RAG-1- and RAG-2-dependent assembly of functional complexes with V(D)J recombination substrates in solution

V(D)J recombination is initiated by RAG-1 and RAG-2, which introduce double-strand DNA breaks at recombination signal sequences (RSSs) of antigen receptor gene segments to produce signal ends, terminating in blunt, double-strand breaks, and coding ends, terminating in DNA hairpins. While the formation of RAG-RSS complexes has been documented, observations regarding the individual contributions of RAG-1 and RAG-2 to RSS recognition are in conflict. Here we describe an assay for formation and maintenance of functional RAG-RSS complexes in the course of the DNA cleavage reaction. Under conditions of in vitro cleavage, the RAG proteins sequester intact substrate DNA in a stable complex which is formed prior to strand scission. The cleavage reaction subsequently proceeds through nicking and hairpin formation without dissociation of substrate.
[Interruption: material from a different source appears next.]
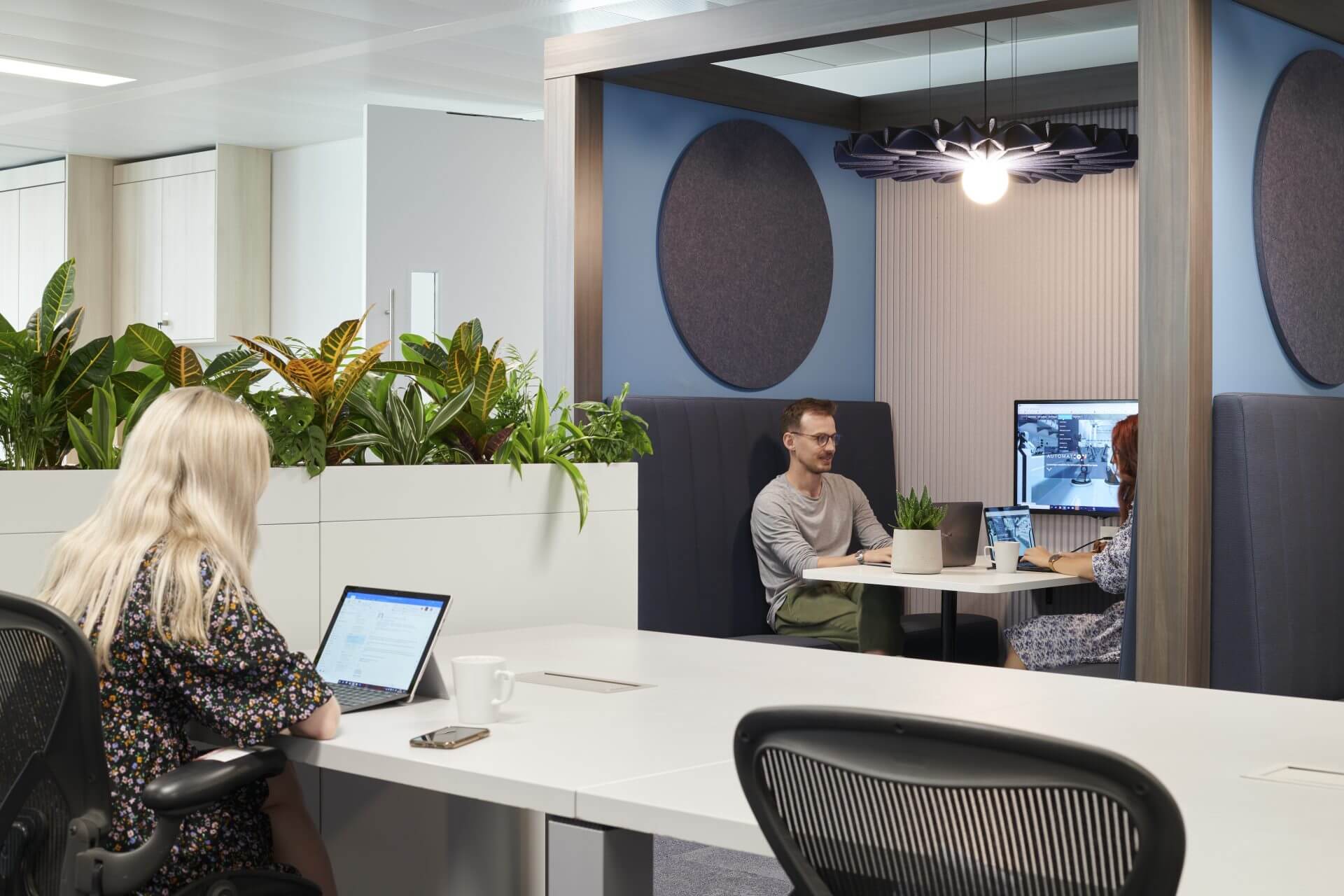 communal office area with plants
Notably, the presence of both RAG-1 and RAG-2 is essential for formation of stable, functional complexes with substrate DNA under conditions of the sequestration assay. Two classes of substrate mutation are distinguished by their effects on RAG-mediated DNA cleavage in vitro. A mutation of the first class, residing within the RSS nonamer and associated with coordinate impairment of nicking and hairpin formation, greatly reduces the stability of RAG association with intact substrate DNA. In contrast, a mutation of the second class, lying within the RSS heptamer and associated with selective abolition of hairpin formation, has little or no effect on the half-life of the RAG-substrate complex.